Le paradigme dominant du cycle international de financement doit également être repensé. Les propositions annuelles avec des rapports trimestriels peuvent fonctionner dans un environnement favorable, mais lorsque ce n’est pas le cas, ils créent plus de problèmes qu’ils n’en résolvent. Il est temps d'aller vers l’idée d’ « l'investissement social», en particulier pour les organisations de la société civile qui sont les plus menacées. Cela peut leur permettre de survivre à ces menaces et leur donner une assise financière habilitante.
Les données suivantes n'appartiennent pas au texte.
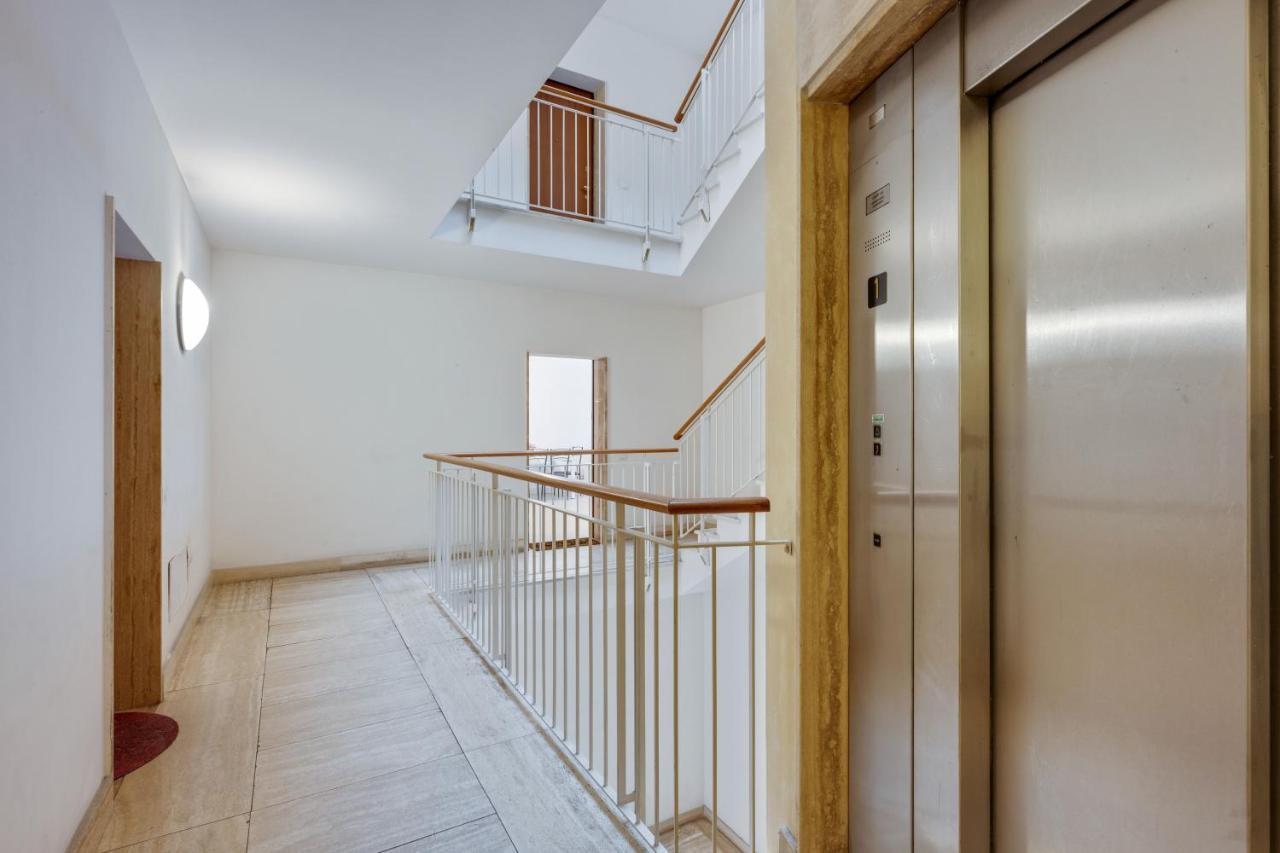 Il Broletto Apartment - Affitti Brevi Italia เลคโค ภายนอก รูปภาพ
Ce n'est pas une idée nouvelle : elle prévalait des deux côtés au cours de la guerre froide. Considérer la guerre déclarée contre la société civile comme une nouvelle guerre froide va peut-être devenir nécessaire.
Et nous devons mieux travailler pour éduquer les gens sur l’ampleur et la profondeur de la société civile. Elle ne se résume pas seulement aux grandes ONG internationales. La société civile est également constituée d’organisations populaires de base, de sociétés de préservation locales, d’associations de défense des droits de l’homme, et, au delà, de tout groupe de personnes se réunissant afin de travailler pour le bien commun, améliorer leur communauté ou responsabiliser leurs dirigeants. Et il est temps que ces groupes travaillent en étroite collaboration et coordonnent leurs fonctions de façon à créer des synergies pour que, par exemple, les prestataires de soins dans le domaine de la santé travaillent de près avec des groupes de responsabilisation pour éviter une approche réductrice de « charité » et passer à une approche inspirée par les droits de l’homme.
La société civile est peut-être le meilleur moyen que nous avons pour garantir le pluralisme, l'ouverture d’esprit, la tolérance, la participation civique et la démocratie. Il ne s'agit pas uniquement d'une seule voix mais d’une chorale. Si jamais le gouvernement réduit cette chorale au silence, il aura supprimé l’autonomie de son peuple. Et défendre ce droit ne sera jamais une trahison.